(Beginning of Material provided)

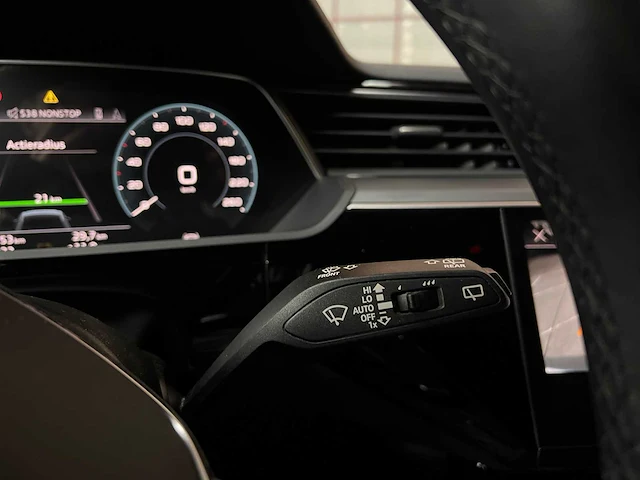 Audi e-tron 55 quattro business edition 95 kwh 408pk 2021, l-308-zt - afbeelding 18 van  47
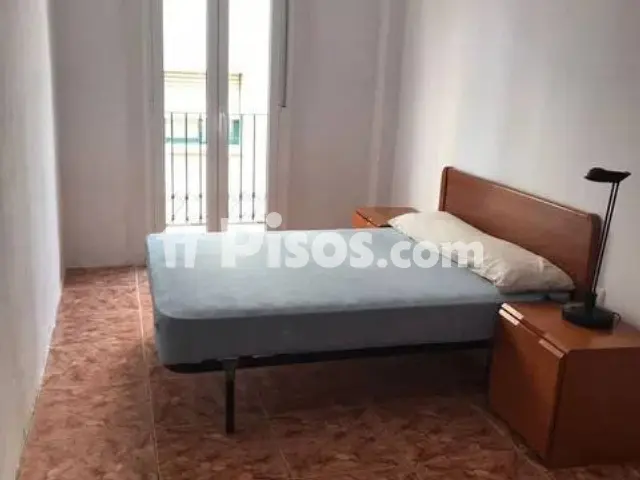 Foto 3 de Piso en venta en Centre en Centre por 92.000 €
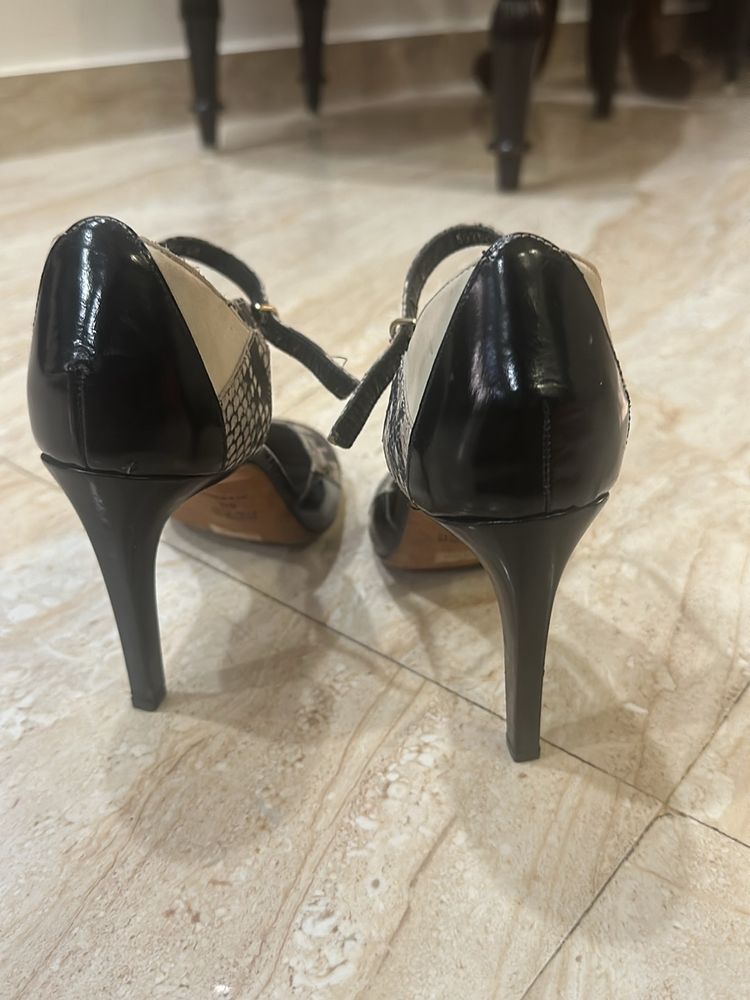 Almost New Hugo Boss High Heel Sandal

(End of Material provided)

[Try it] In full and without changes, repeat the listing above, but not its pictures.

[Problem solution]
 Audi e-tron 55 quattro business edition 95 kwh 408pk 2021, l-308-zt - afbeelding 18 van  47
 Foto 3 de Piso en venta en Centre en Centre por 92.000 €
 Almost New Hugo Boss High Heel Sandal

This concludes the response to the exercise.